### Required action
Each line in the entries that has the word "Ford" has to be copied.

### Records supplied
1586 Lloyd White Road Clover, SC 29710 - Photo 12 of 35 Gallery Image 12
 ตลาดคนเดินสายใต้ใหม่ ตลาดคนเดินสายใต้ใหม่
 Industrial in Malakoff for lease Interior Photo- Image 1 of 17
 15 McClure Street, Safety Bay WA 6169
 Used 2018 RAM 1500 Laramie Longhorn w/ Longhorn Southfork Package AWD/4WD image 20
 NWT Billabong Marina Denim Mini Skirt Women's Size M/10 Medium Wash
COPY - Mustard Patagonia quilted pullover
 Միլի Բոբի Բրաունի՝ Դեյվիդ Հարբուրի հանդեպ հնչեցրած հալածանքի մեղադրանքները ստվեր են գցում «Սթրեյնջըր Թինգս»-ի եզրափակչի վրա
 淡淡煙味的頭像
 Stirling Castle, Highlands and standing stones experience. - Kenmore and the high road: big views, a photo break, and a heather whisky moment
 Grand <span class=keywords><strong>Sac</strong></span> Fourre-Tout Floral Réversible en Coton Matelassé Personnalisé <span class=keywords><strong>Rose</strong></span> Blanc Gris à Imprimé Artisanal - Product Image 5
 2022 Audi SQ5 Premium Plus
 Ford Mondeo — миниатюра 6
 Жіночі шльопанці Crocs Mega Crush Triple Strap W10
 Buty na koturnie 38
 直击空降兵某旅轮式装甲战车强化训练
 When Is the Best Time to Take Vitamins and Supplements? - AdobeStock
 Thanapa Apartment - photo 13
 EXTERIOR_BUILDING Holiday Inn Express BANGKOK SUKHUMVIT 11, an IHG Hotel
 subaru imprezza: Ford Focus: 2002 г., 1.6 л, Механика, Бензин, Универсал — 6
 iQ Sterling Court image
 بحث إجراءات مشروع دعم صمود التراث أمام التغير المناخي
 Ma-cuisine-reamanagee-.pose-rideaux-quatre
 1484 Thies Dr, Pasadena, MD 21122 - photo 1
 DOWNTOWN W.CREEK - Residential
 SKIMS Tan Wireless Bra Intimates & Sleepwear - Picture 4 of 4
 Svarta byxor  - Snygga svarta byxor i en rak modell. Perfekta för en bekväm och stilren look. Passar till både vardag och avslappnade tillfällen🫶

### Expected output
 Ford Mondeo — миниатюра 6
 subaru imprezza: Ford Focus: 2002 г., 1.6 л, Механика, Бензин, Универсал — 6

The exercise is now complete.